# Your objective
Each entry below is to be reproduced exactly, though any pictures it holds must be omitted.

# Task input
--

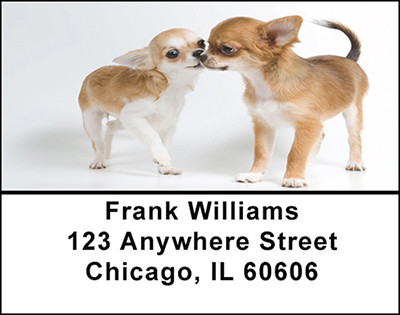 Playful Chichuahuas Address Labels | LBBAB-38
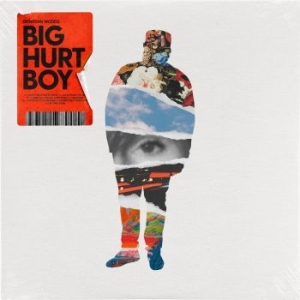 Woods Donovan - Big Hurt Boy i gruppen CD / Worldmusic/ Folkmusik hos Bengans Skivbutik AB (4131558)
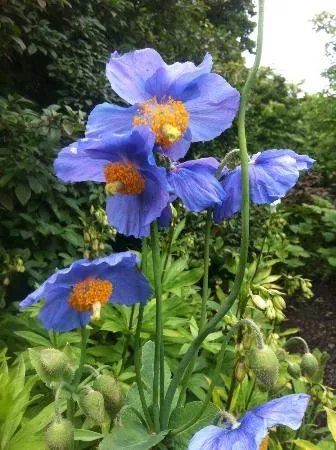 Rowallane Garden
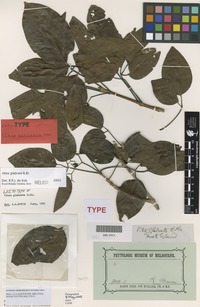Lectotype of Vitex glabrata R.Br. [family LAMIACEAE]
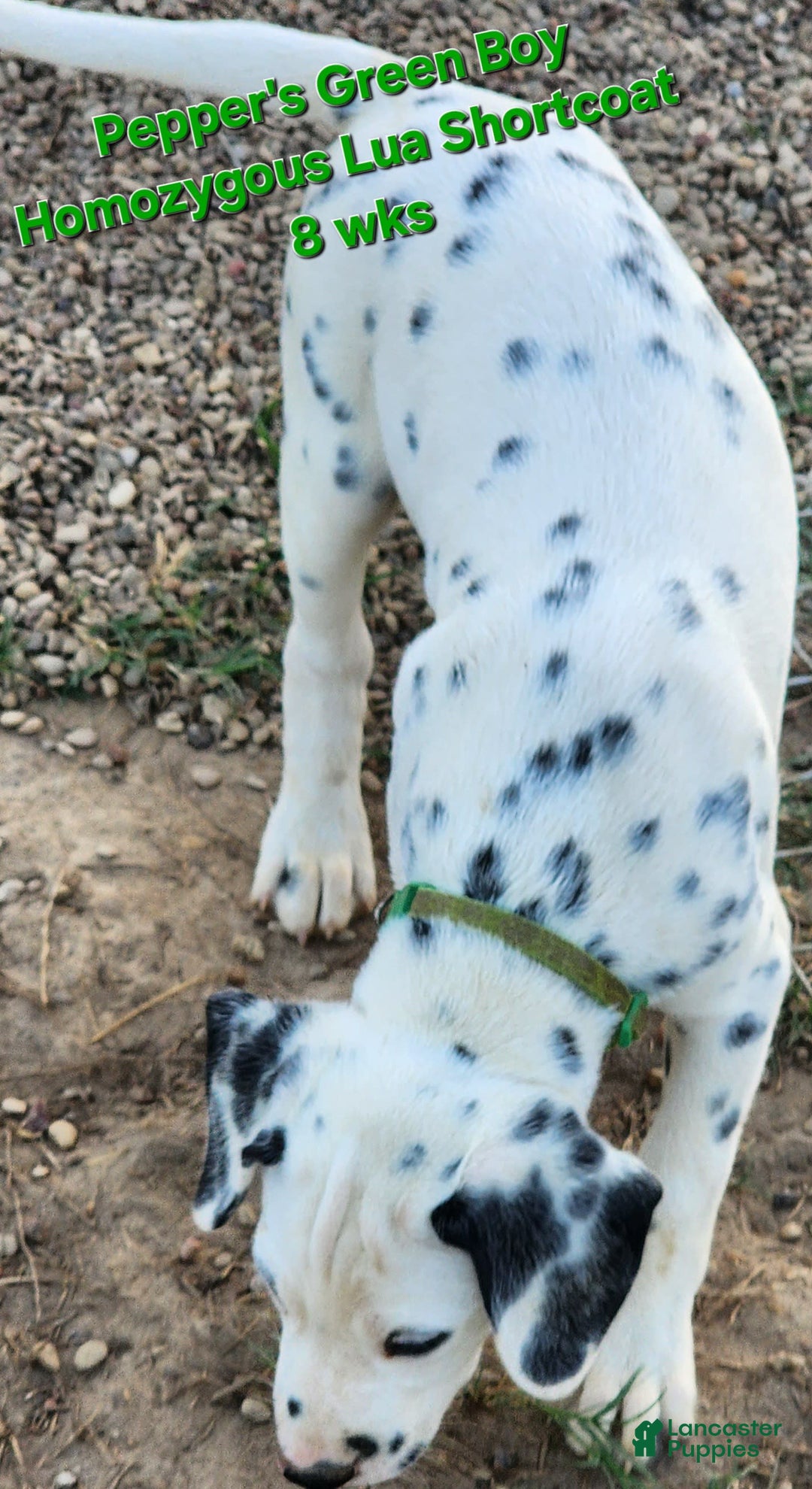 Dalmatian dogs for sale: Peppers Green Boy - Image 1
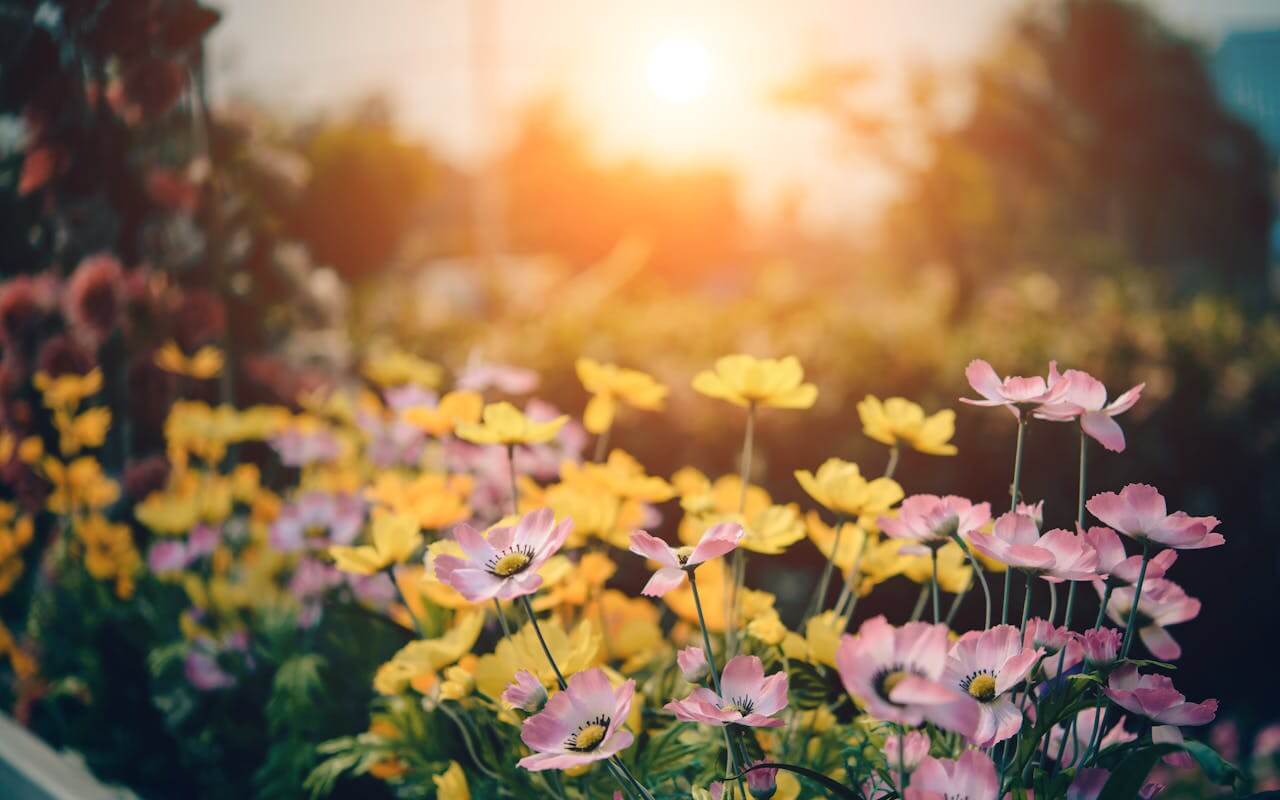 Hoe maak je een circulaire tuin met veel biodiversiteit?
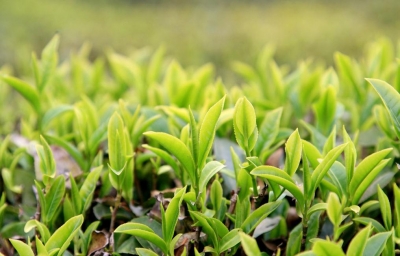 “唐崖土司茶”再夺茶王桂冠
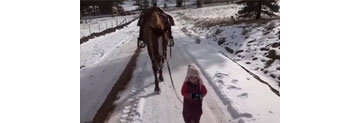 【拍客】女童雪地牵马被缰绳绕腿 暖心马儿耐心等候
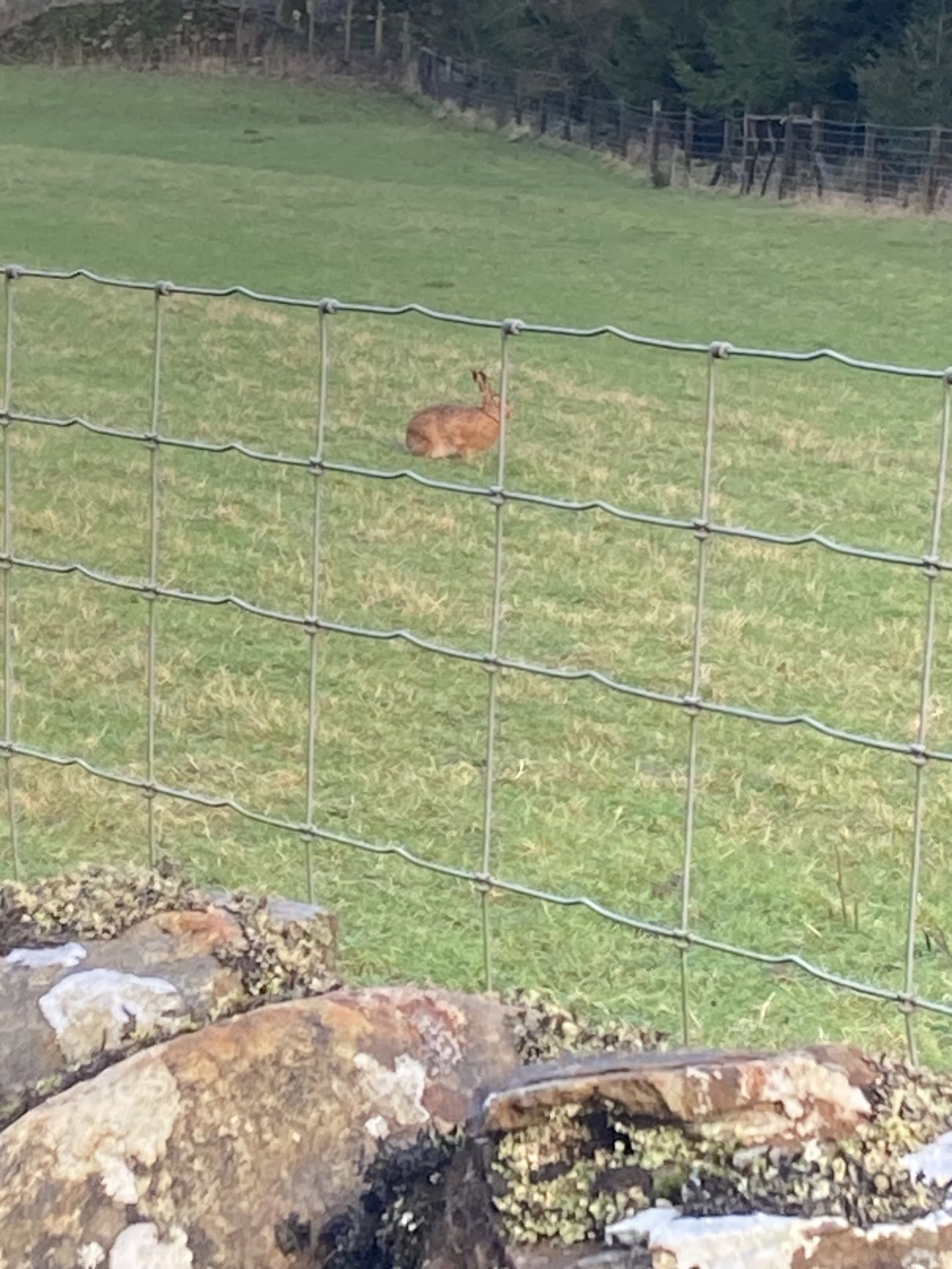 Brown hare in a Garsdale field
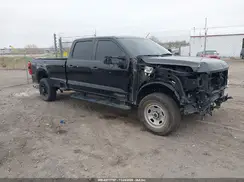 1FT8W2BT7RED16919 2024 FORD F250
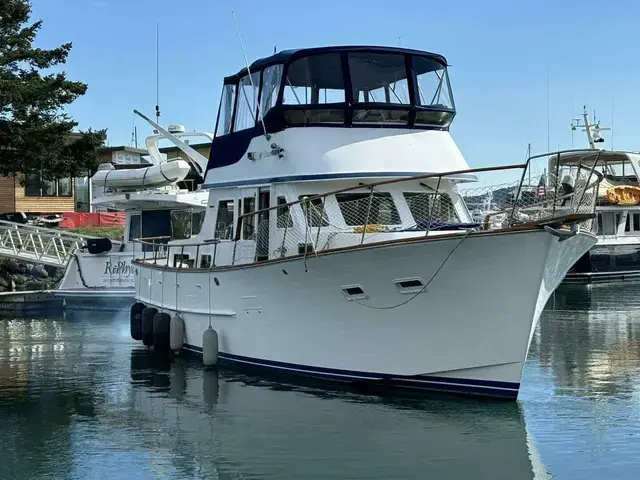 Ocean Alexander 43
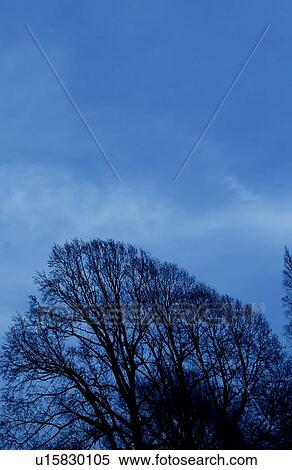 Stock Photography - Tree. Fotosearch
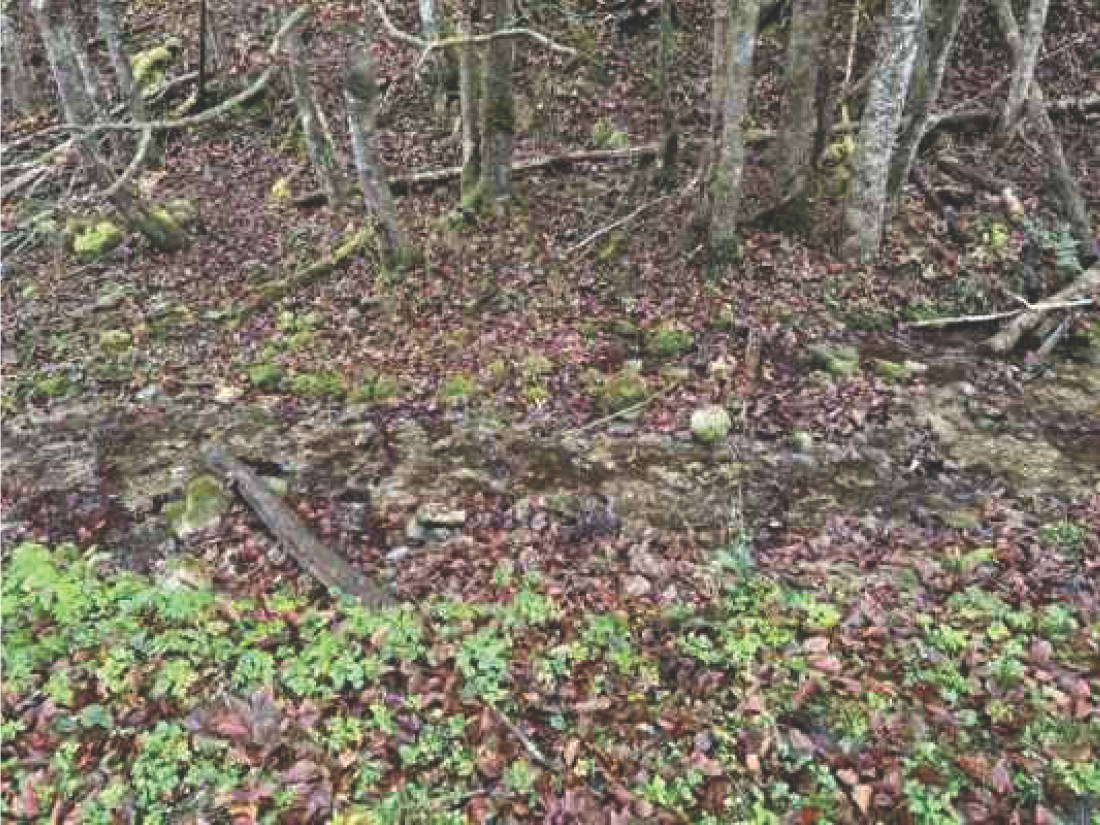 land- und forstwirtschaftlich genutztes Grundstück in Flur Wall, 83088 Kiefersfelden - Bild 5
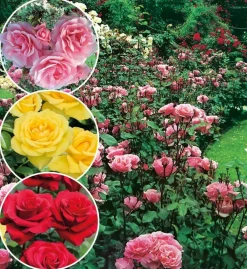 Fabre Graines - Offre rosier queen elisabeth - 3 rosiers Clearance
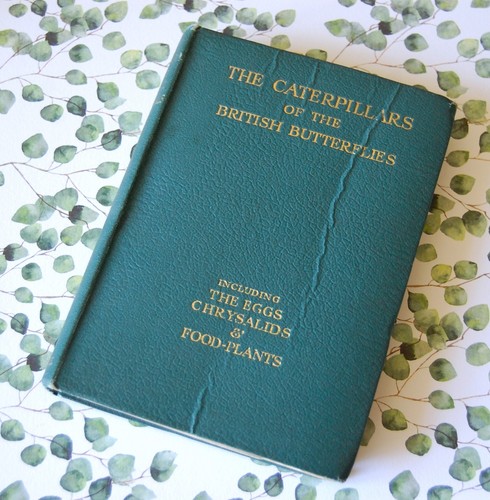 Caterpillars british - of,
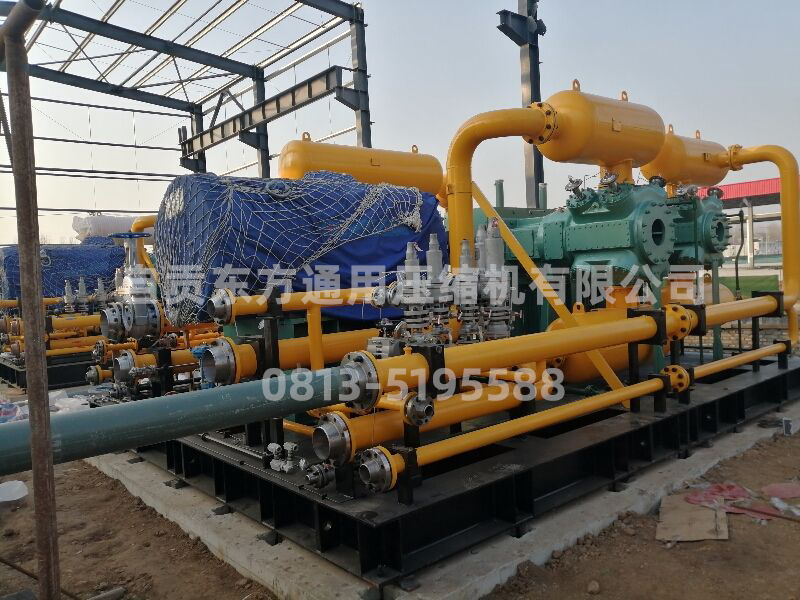 LNG feed gas compressor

--

# Task solution
 Playful Chichuahuas Address Labels | LBBAB-38
 Woods Donovan - Big Hurt Boy i gruppen CD / Worldmusic/ Folkmusik hos Bengans Skivbutik AB (4131558)
 Rowallane Garden
Lectotype of Vitex glabrata R.Br. [family LAMIACEAE]
 Dalmatian dogs for sale: Peppers Green Boy - Image 1
 Hoe maak je een circulaire tuin met veel biodiversiteit?
 “唐崖土司茶”再夺茶王桂冠
 【拍客】女童雪地牵马被缰绳绕腿 暖心马儿耐心等候
 Brown hare in a Garsdale field
 1FT8W2BT7RED16919 2024 FORD F250
 Ocean Alexander 43
 Stock Photography - Tree. Fotosearch
 land- und forstwirtschaftlich genutztes Grundstück in Flur Wall, 83088 Kiefersfelden - Bild 5
 Fabre Graines - Offre rosier queen elisabeth - 3 rosiers Clearance
 Caterpillars british - of,
 LNG feed gas compressor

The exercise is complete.